Theakston's old peculiar is made with golden syrup isn't it?
Or is that a myth?

Ah no! Michael Jackson says "brewer's caramel" which i guess as bconnery says is sometimes
subst with golden syrup.

Here's a recipe
http://www.aussiehomebrewer.com/forum/lofi...x.php/t924.html

Here's one from clone brews

4.2kg pale ale malt
340g xtal malt
113g torrified wheat
85g chocky malt

230g clear candi sugar
230g dark brown sugar
113g golden syrup


28g Northern brewer 8% 60min
14g Fuggles 15 min
14g Fuggles 2 min

wyeast 1084

19l


----------



## Weizguy (20/8/07)

I've brewed with CSR Golden Syrup, which I'm not sure is the same as Lyle's.

The goldn syrup flavour lingered for a number of years.
Yes, years! I used 1.5kg of the stuff, and after 4 1/2 years it is quite a nice "old ale".
Nice enough to score several prizes last year.

I have saved a few more bottles of it, and at 13.7% it should evolve for some time.

Seth


----------



## tangent (20/8/07)

i found the lyle GS to be wonderfully aromatic and spectacular. the CSR in contrast was a bit ordinary.


----------



## Aviary (20/8/07)

Thank you for the advice. I'll put together a recipe and post it later to be critiqued by the masses. 

David.


----------



## tangent (20/8/07)

i gotta add, the tins of lyles partially invert sugar (GS) are only 454gm and i use 1 in a 25-35L batch. that's around 7% or less.


----------



## ausdb (20/8/07)

tangent said:


> i found the lyle GS to be wonderfully aromatic and spectacular. the CSR in contrast was a bit ordinary.


Sorry to say another me too, there is a world of difference between the pommie T&L and the aussie stuff even down to the CSR stuff tasting different to the Bundaberg brand one.

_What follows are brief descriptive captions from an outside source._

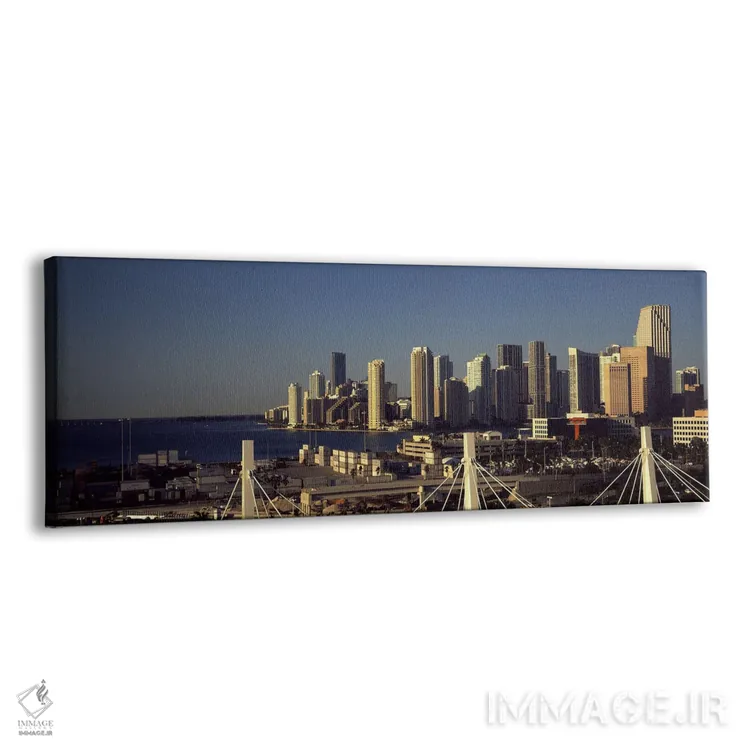 تابلو دکوراتیو ساختمان ها در یک شهر، میامی، فلوریدا، ایالات متحده اثر پانورامیک ایمجز - نمای پرسپکتیو محصول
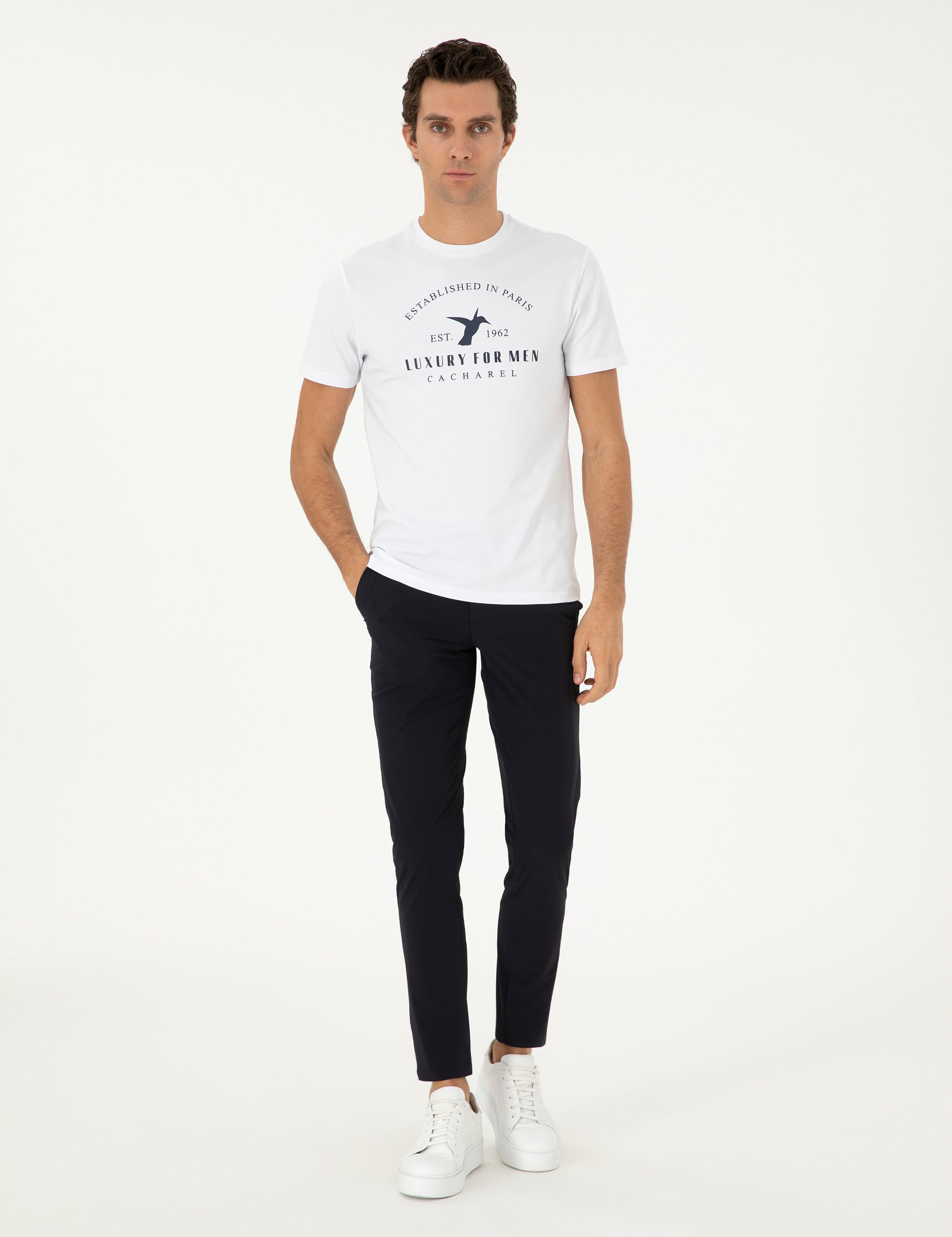 Beyaz Slim Fit Bisiklet Yaka Desenli T-shirt - 50301469025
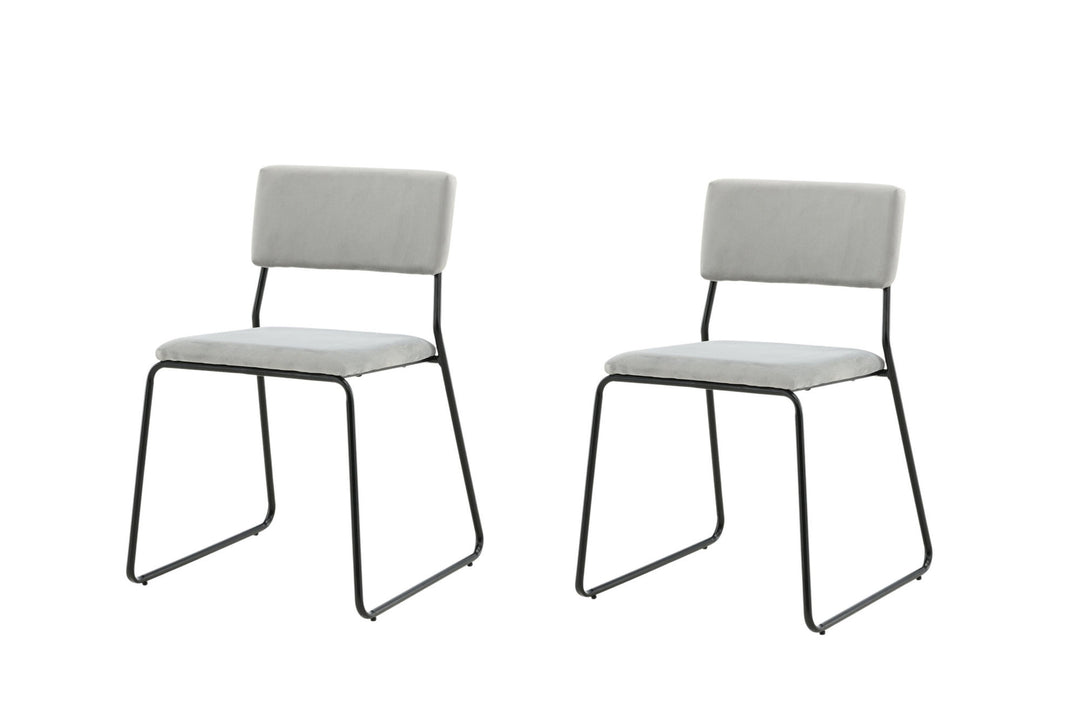 Venture Home Kenth Chair 2-pack - Black / Light Grey Velvet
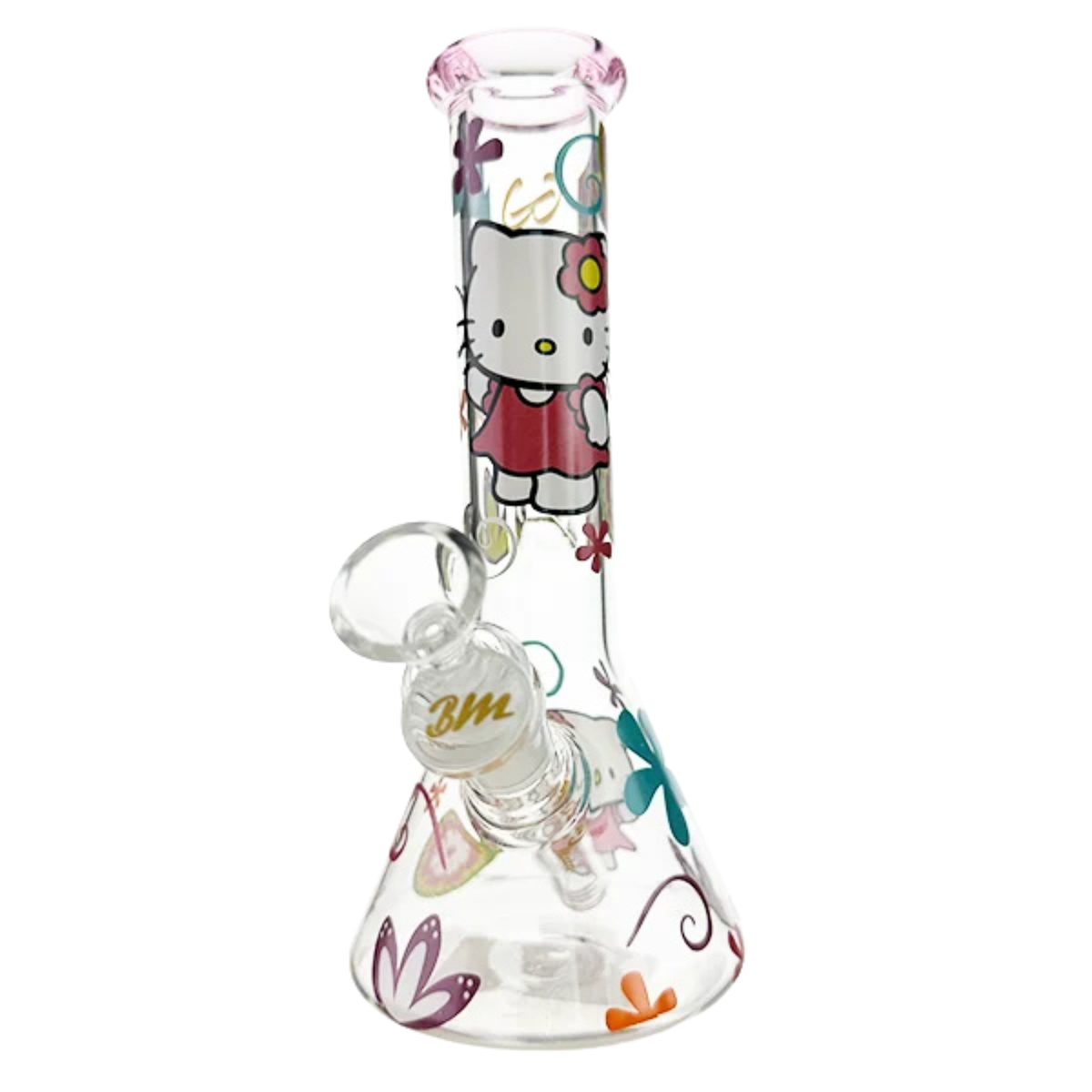 Ultimate Hello Kitty Glass Beaker Bong Flower Dress Design 23cm with Ice Catcher & Shotty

I make a mild from time to item that calls for golden syrup and to my palate it tastes best when I use the T&L stuff. The worst was the Bundaberg as it left a very "rummy" molasses type flavour that did not really go away.


----------



## mfdes (23/8/07)

braufrau said:


> Theakston's old peculiar is made with golden syrup isn't it?
> Or is that a myth?
> 
> Ah no! Michael Jackson says "brewer's caramel" which i guess as bconnery says is sometimes
> subst with golden syrup.



As far as I know Theakston's is brewed with molasses, not golden syrup.

MFS


----------



## tangent (23/8/07)

they wouldn't use much! i reckon a teaspoon of it is enough.


----------